### Anvio - Contig profiling

Contig profiling creates a database of your contigs. It calculates k-mer frequencies for your sample (standard k-setting is 4, which you can change with the --kmer-size parameter (DON'T unless you have a good reason)), soft splits long contigs, and identifies open reading frames (which can be skipped using --skip-gene-calling). Run the following code to generate your database:

Subsequently, you can add various elements of analysis to your contig profile.

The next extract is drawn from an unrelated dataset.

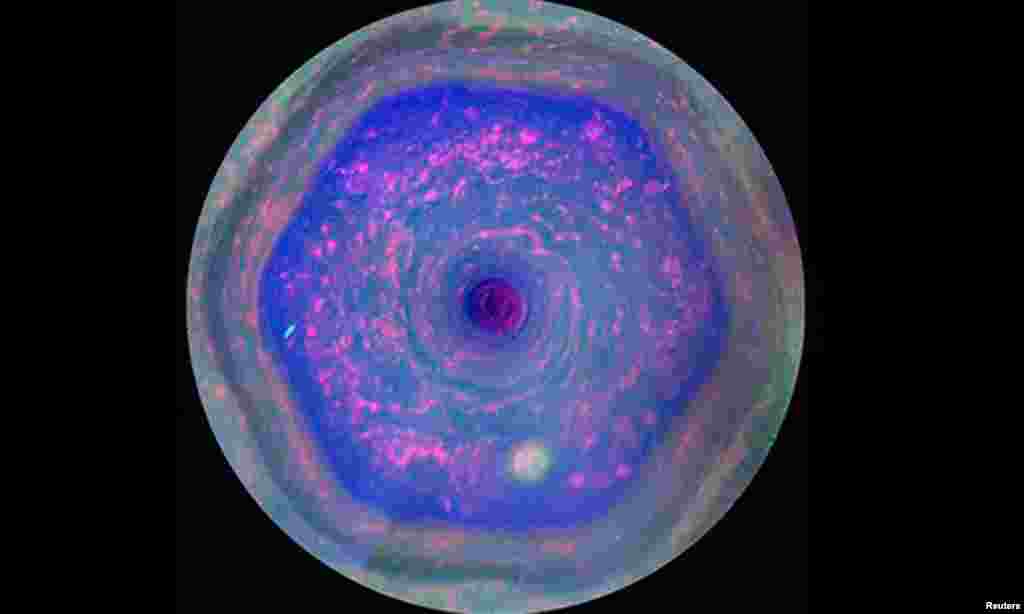 Foto kutub utara planet Saturnus yang berbentuk Heksagon (segi enam berwarna biru) diambil oleh wahana antariksa Cassini milik NASA.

The following list is available:

Augustus + Prodigal gene calls: adds open reading frames to your dataset from the genes from the Augustus database (eukaryotes) and Prodigal (bacteria + archaea) WORKING ON THIS: NOT SURE IF IT WORKS

Hidden Markov Model (HMM): A widely used prediction model in bioinformatics software, which can offer great advantages in homology detection.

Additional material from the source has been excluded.